Use the Spectrophotometric Mode. The formula is derived from the Beer-Lambert Law (A = εcl).\nActivity (U/ml) = (ΔA/min × Vt × 1000) / (ε × Vs × l), where ε is the extinction coefficient and l is path length (usually 1 cm).

What is Specific Activity?

Specific Activity is the Enzyme Activity (Units) divided by the total amount of protein (mg) in the sample. It is a measure of enzyme purity. Higher specific activity indicates a purer enzyme preparation.

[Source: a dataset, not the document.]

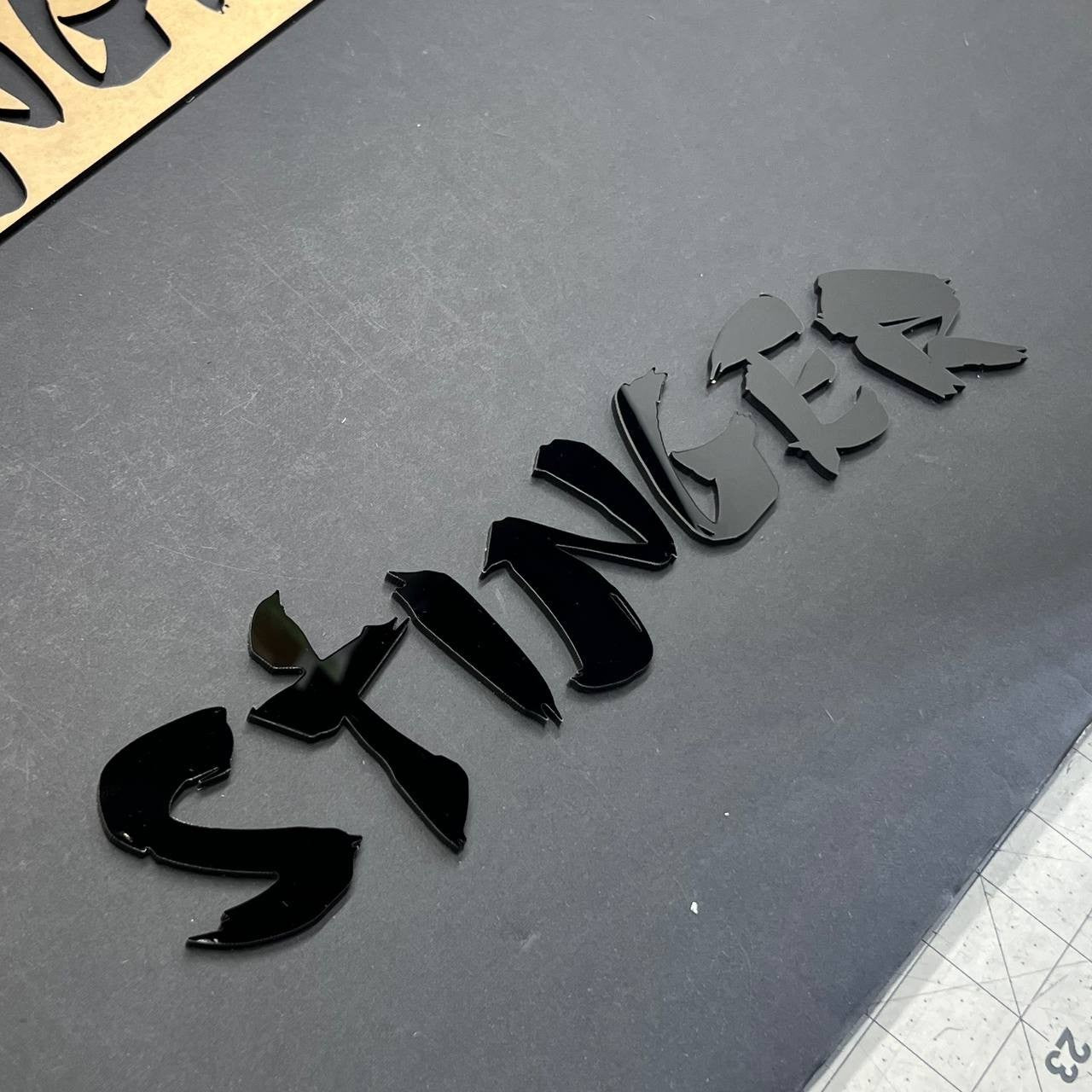 1pcs KIA STINGER Black 3D Emblem Badge – Acrylic Car Fender & Trunk Decal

What corresponds to the Initial Rate ($V_0$)?

The Initial Rate ($V_0$) is the slope of the linear portion of the reaction progress curve (Product vs Time) right at the beginning. This is when substrate is in excess and the reaction is proceeding at its maximum possible speed for that enzyme concentration.

Which Extinction Coefficient should I use?

It depends on your assay. For NADH/NADPH coupled assays (340 nm), use 6220 $M^{-1}cm^{-1}$. For p-Nitrophenol (405 nm), use 18000. For DTNB/Ellman's (412 nm), use 13600.

Why do I need to correct for Path Length?

Standard cuvettes have a path length of 1 cm. However, if you are using a microplate reader, the path length depends on the volume of liquid in the well. You must correct for this, or your calculated concentration will be wrong.